AMINOACIDI nelle DIETE

  Significato nutrizionale degli amminoacidi

Il significato nutrizionale dei principi nutritivi azotati o meglio degli amminoacidi (www.aminoacidpower.com) è estremamente complesso, ma legato fondamentalmente al ruolo che queste molecole svolgono nella struttura e nella funzione delle proteine.

Come sia difficile distinguere questi vari aspetti è dimostrabile con qualche semplice esempio.

L’amminoacido tirosina ha significato strutturale aspecifico per molte proteine nella cui catena polipeptidica compare con varia frequenza, mentre assume significato specifico quando, legato allo iodio, da origine a molecole che costituiscono gli ormoni tiroidei il cui significato di controllo su funzioni metaboliche e sullo sviluppo estende immediatamente il significato biologico della tirosina.

Dal momento in cui gli amminoacidi, siano essi assorbiti dall’intestino o sintetizzati metabolicamente, sono presenti nell’ambiente interno del corpo, essi si distribuiscono in modo diverso fra i vari tessuti e nei diversi ambienti intra ed extracellulari dove vengono concentrati, costituendo in questo modo pool di amminoacidi liberi.

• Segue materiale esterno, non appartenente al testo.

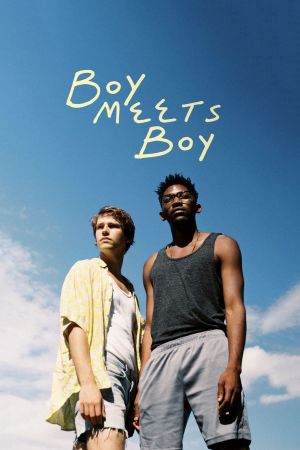 Boy Meets Boy's poster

La formazione ed il mantenimento costante di queste disponibilità locali di amminoacidi devono essere considerati una delle tappe fondamentali della nutrizione proteica; tutti i fattori che ne alterano l’equilibrio determinano indubbiamente alterazione della funzione nutrizionale.

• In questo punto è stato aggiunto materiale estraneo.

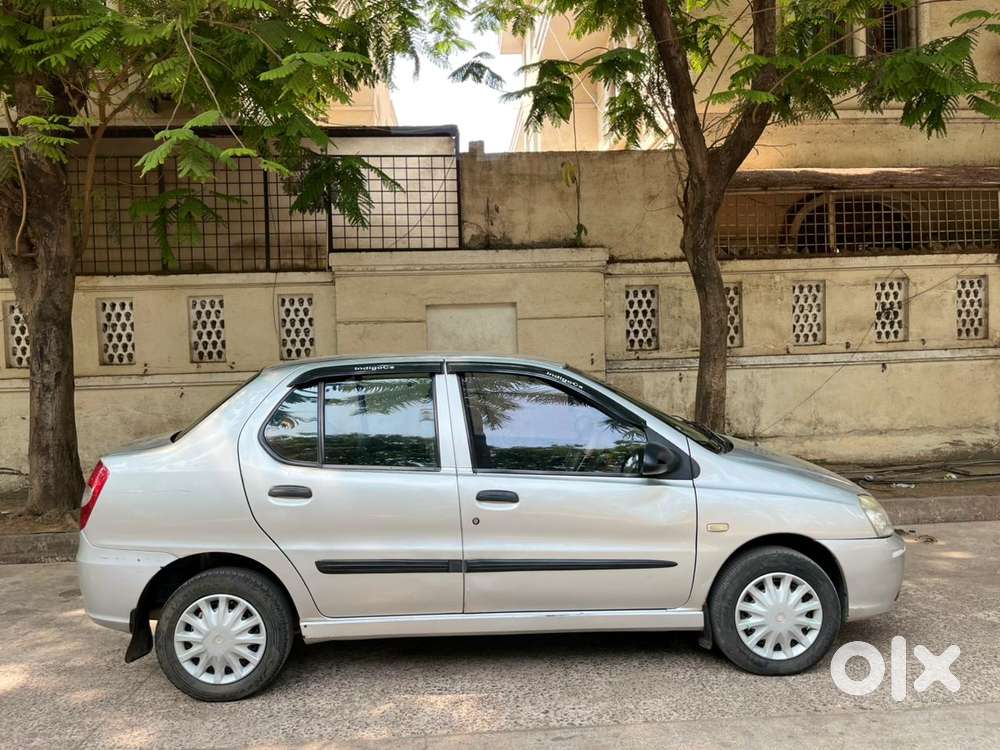 Tata Indigo Cs Ls Tdi, 2010, Diesel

La concentrazione di amminoacidi liberi nel corpo è molto inferiore a quella di amminoacidi strutturati in proteine (ca. 0,5%) e quattro amminoacidi non essenziali ne rappresentano circa l’80% (alanina, acido glutammico, glutammina e glicina).

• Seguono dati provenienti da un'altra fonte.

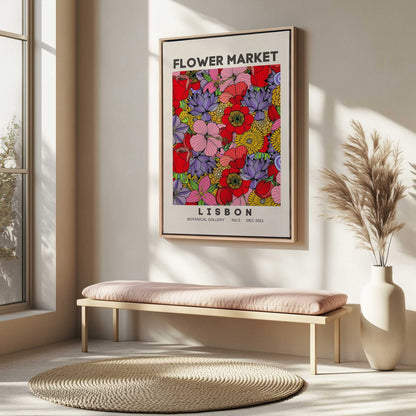 [LIFESTYLE],[SPECIAL],  Picture of art in a room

Gli amminoacidi liberi sono utilizzati in vario modo e a differenti velocità dai diversi tessuti in reazioni che possono essere distinte in tre gruppi principali:

 

 

*  reazioni di sintesi di polipeptidi e proteine; parte di questi amminoacidi possono essere liberati di nuovo per lisi proteica con velocità di ricircolo molto diverse;

*  reazioni di sintesi di molecole non proteiche (creatina, adrenalina, basi puriniche) la cui degradazione non permette il ritorno di amminoacidi ai pool originari;

*  reazioni che conducono alla utilizzazione della catena carboniosa per la sintesi di amminoacidi non essenziali, di monosaccaridi o di acidi grassi e quindi di glicogeno e lipidi complessi, o all’utilizzazione finale per scopi energetici con produzione di CO2 e H2O; l’azoto viene eliminato come urea.